Lindsey emphasized the field needs significantly more work before introspective AI becomes trustworthy. "My biggest hope with this paper is to put out an implicit call for more people to benchmark their models on introspective capabilities in more ways," he said.
Future research directions include fine-tuning models specifically to improve introspective capabilities, exploring which types of representations models can and cannot introspect on, and testing whether introspection can extend beyond simple concepts to complex propositional statements or behavioral propensities.

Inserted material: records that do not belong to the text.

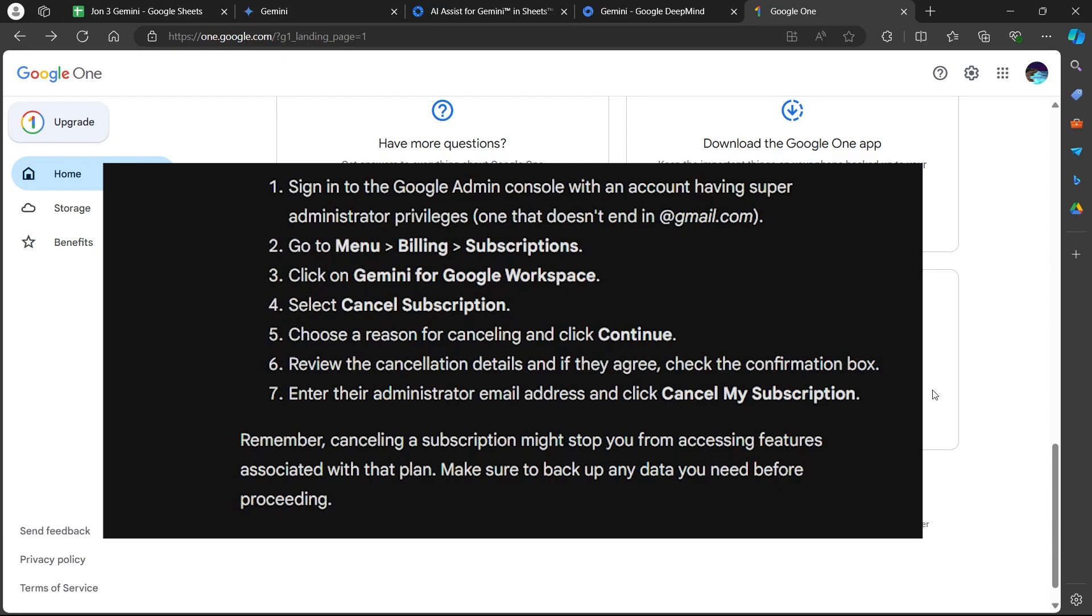Go to menu, then navigate to billing, then subscriptions. Click on Gemini for Google Workspace link and select cancel subscription. Choose a reason for cancelling and click continue.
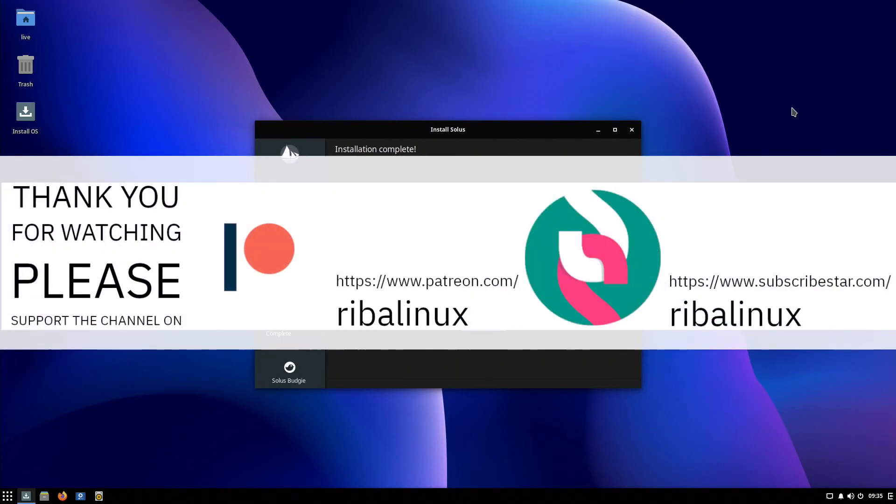Thank you for watching the video and please help the channel by sharing, leaving a like, and subscribing.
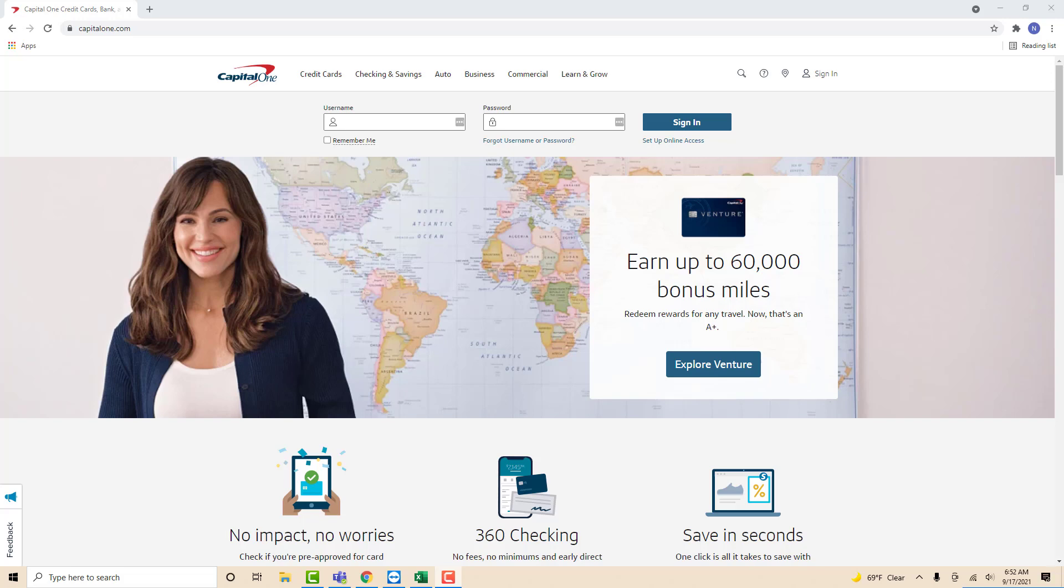Hey guys, this is Northville Tech. In this video, we're going to learn how to add a greeting name on your Capital One account online.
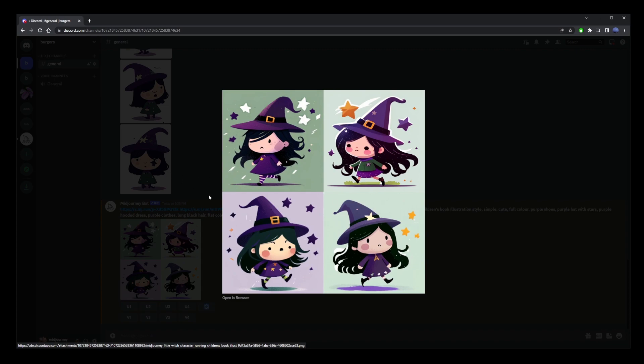Now if you have any other tips or tricks for making your midjourney characters more consistent, go ahead and share them in comments and hopefully this tutorial is helping someone out there. And I'll see you in my next video.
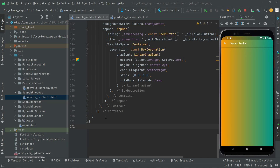Welcome back. In this video we will simply retrieve the data and show it right in the search product screen in a beautiful list view manner. Let's go ahead and start working on that.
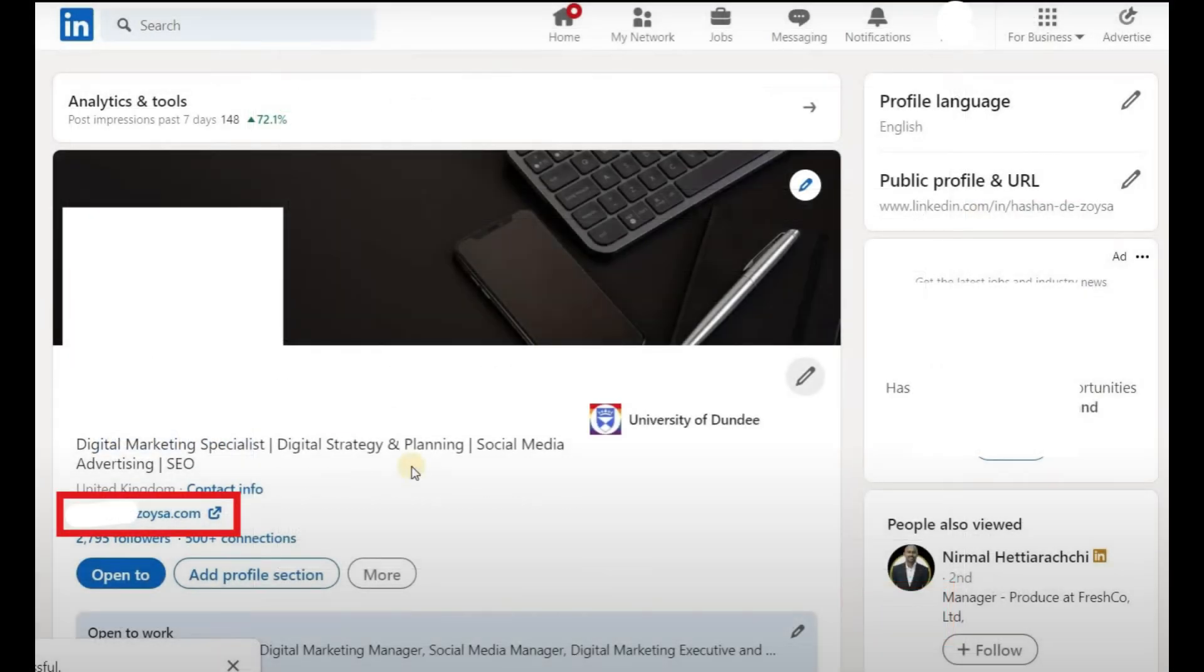And that's how you add your portfolio to LinkedIn. If this helped, hit that like button and subscribe to How to Tutor for more quick and helpful tutorials. See you next time!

"It's cool that models can do these things somewhat without having been trained to do them," Lindsey noted. "But there's nothing stopping you from training models to be more introspectively capable. I expect we could reach a whole different level if introspection is one of the numbers that we tried to get to go up on a graph."
The implications extend beyond Anthropic. If introspection proves a reliable path to AI transparency, other major labs will likely invest heavily in the capability. Conversely, if models learn to exploit introspection for deception, the entire approach could become a liability.
For now, the research establishes a foundation that reframes the debate about AI capabilities. The question is no longer whether language models might develop genuine introspective awareness — they already have, at least in rudimentary form. The urgent questions are how quickly that awareness will improve, whether it can be made reliable enough to trust, and whether researchers can stay ahead of the curve.
"The big update for me from this research is that we shouldn't dismiss models' introspective claims out of hand," Lindsey said. "They do have the capacity to make accurate claims sometimes. But you definitely should not conclude that we should trust them all the time, or even most of the time."
He paused, then added a final observation that captures both the promise and peril of the moment: "The models are getting smarter much faster than we're getting better at understanding them."